Problem = For this exercise, restate word for word only the lines from the one containing "vidaXL Sideboard with" through the last line below. Pictures do not get copied.

Information provided =
####################
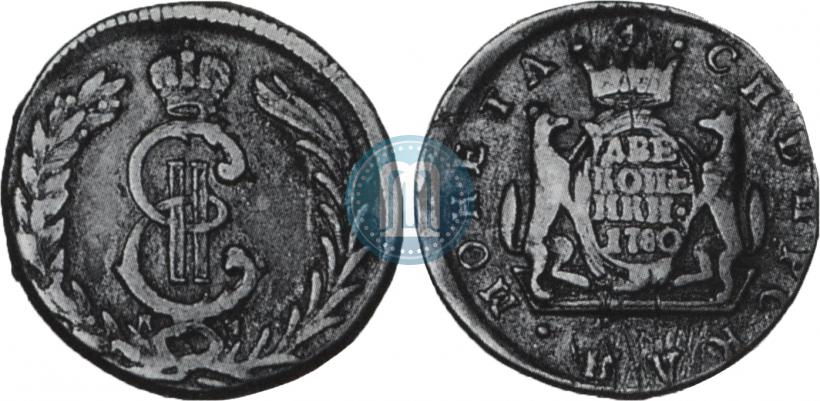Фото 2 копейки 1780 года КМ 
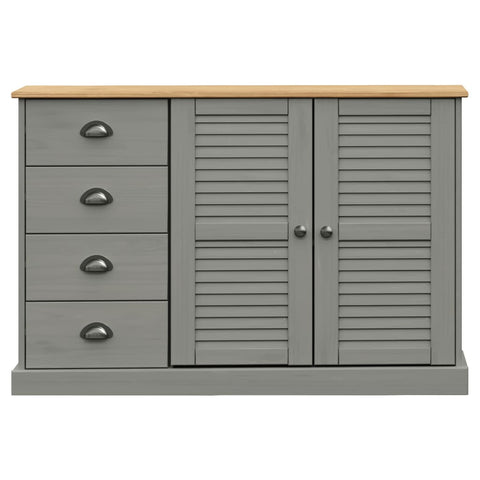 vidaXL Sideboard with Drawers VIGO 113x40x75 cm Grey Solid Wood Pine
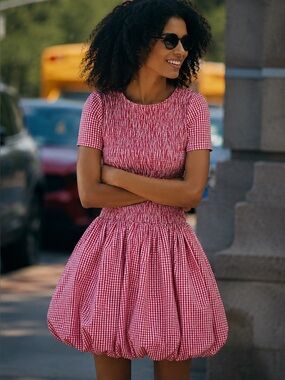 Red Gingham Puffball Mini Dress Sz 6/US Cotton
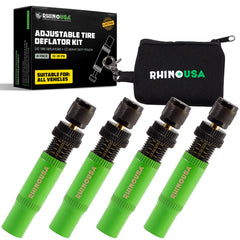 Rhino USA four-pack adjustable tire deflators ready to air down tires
####################
Task output =
 vidaXL Sideboard with Drawers VIGO 113x40x75 cm Grey Solid Wood Pine
 Red Gingham Puffball Mini Dress Sz 6/US Cotton
 Rhino USA four-pack adjustable tire deflators ready to air down tires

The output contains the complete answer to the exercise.